If you answered yes to one or more of these questions, then you are passive-aggressive. If you want to eliminate this behavior so you can relate to others in a healthier and more effective way, there are a few things you’ll need to do:
- Be aware of your behavior. The first thing you’ll have to do in order to change your behavior is to notice when you are acting in a passive-aggressive way. You need to develop a good understanding of why you are upset and what you feel when you use passive aggression. Pay attention to what is going on around you as you react to different people and situations.
- Understand why your behavior needs to change. It’s important to keep in mind that while being passive-aggressive is passive, it’s also aggressive behavior. It’s not a milder form of aggression but rather an indirect form of it.
- Identify the possible reasons for your passive-aggressive behavior. Why are you choosing to act passive-aggressively instead of being more direct? Is it fear of rejection or consequences? It’s important to understand why you are choosing to be indirect with your emotions.
- Thinking clearly before you act. Take your time to react instead of just responding with whatever comes naturally. After all, you are trying to change your natural reactions to situations, so instead of going with gut instinct, take your time and think rationally about how to respond.
- Stay optimistic. Give yourself time and be patient. Recognizing your own behaviors and understanding is a great first step, but altering your thinking patterns and reactions will take some time. Stay optimistic and keep moving forward, even if it’s only a little bit each day.
- Remember, it’s okay to be angry. You can still be a positive person and still feel negative emotions. Trying to eliminate passive-aggressive behaviors does not mean eliminating anger altogether, just finding better and healthier ways to express this anger.
- Be honest and direct with others and express your feelings in healthy ways. State facts and feelings clearly and be direct, but not hostile, with your opinions. Let the other person know the impact of their behavior in clear statements.
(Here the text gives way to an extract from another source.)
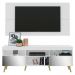 Rack c/ Painel e Suporte TV 65" c/ Espelho e Pés Retrô Flórida Multimóveis Branco/Natural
- Be open to confrontation. Remember that when you are directly expressing your needs and thoughts, it may lead to a confrontation, and that’s not a bad thing. Confrontation can be direct and respectful so long as both parties remain calm and discuss their views honestly.
You should make goals for yourself in order to help the process. Some of the hallmarks of non-passive-aggressive behavior are:
- Being able to directly talk about communication issues and relationship problems without any blame or hostility
- Owning up to your feelings
- Listening to another person’s perspective, including when they are being critical of you
- Not assuming that another person knows what you want or why you are upset
- Treating another person as a partner for resolving conflicts, not an enemy
Trying to stop being passive-aggressive can be challenging, but it’s worth the struggle. Being able to be open and direct with others will help to improve your relationships in life and lead to better communication and understanding of yourself and each other.
Attempting to change long accustomed behaviors can be difficult, but it’s not impossible. While you may be able to do this on your own, it may be a good idea to consider seeing a mental health professional in order to help you along the way. Enlisting the help of someone else can make it much easier to test out your progress in passive-aggressive behavior while pointing out where you are struggling.